On Apr 7, 4:44 pm, wrote:
Sorry, I just clued in on the aerodynamic twist.
The tip foil should stall later, right.
I got confused with the %18 vs %13, which is just the thickness and
I wouldn't have thought the difference would have been significant,
but if what Mr. Sinclair is saying, they are actually different foils then
there would be some form of washout. Thanks guys.

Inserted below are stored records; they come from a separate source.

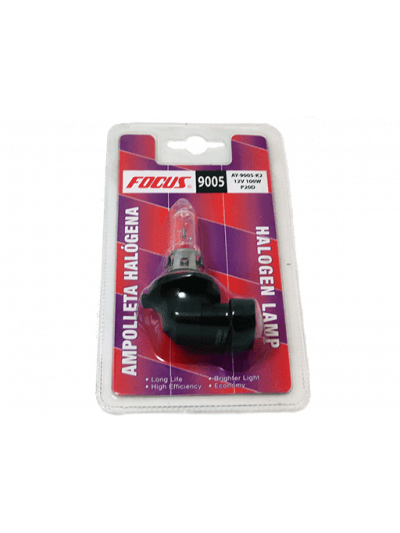 AMPOLLETAS - 12v 100w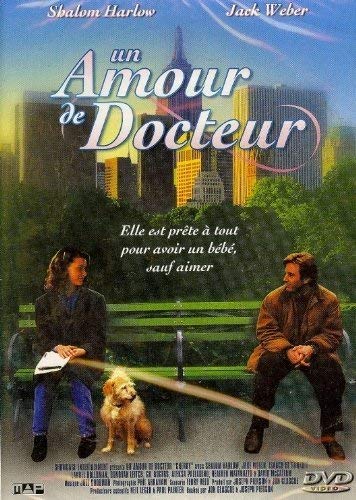 Un Amour de Docteur 3512391913762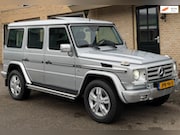 Mercedes-Benz G-klasse - 500 Lang W463 – 5.5L V8| Full-Option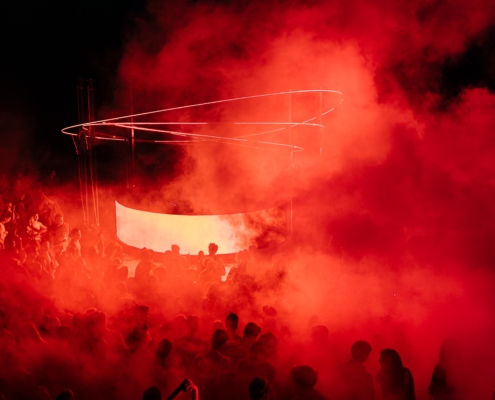 stage design lichterloh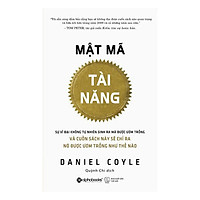 Mật Mã Tài Năng (Tái Bản)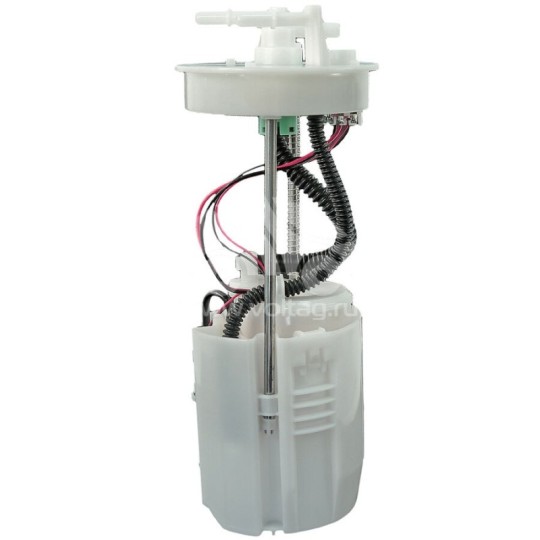 KR0658M Benzin pompası ile birlikte montaj modülü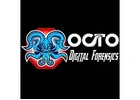 Octo Digital Forensics: Cell Phone Forensic Experts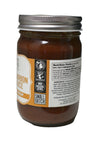 Apple Bourbon Preserves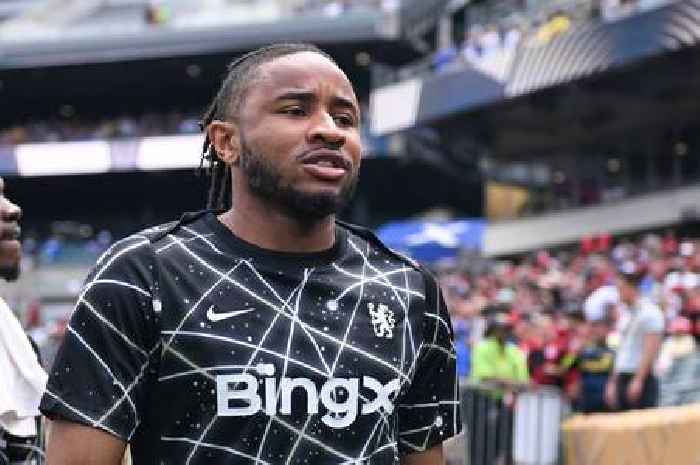 Christopher Nkunku already said yes to Man Utd transfer before Chelsea capitalised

Yup, that's the way I understand it - there's no angular difference
between the chord lines of the root and tip sections, but the profile
differences between the root and tip airfoils make the wing act as if
there are.

Here's a couple of pictures from the Les Sparks site that shows the
Woodstock wing profiles:

http://members.aol.com/lessparks/clint20.jpg

http://members.aol.com/woodglider/clint25t.jpg

It's kind of hard to see in the photos, but if you look closely you
can see that the profile goes from sort of flat-bottomed at the tip to
a deeper-bellied (for lack of a better term) section at the root.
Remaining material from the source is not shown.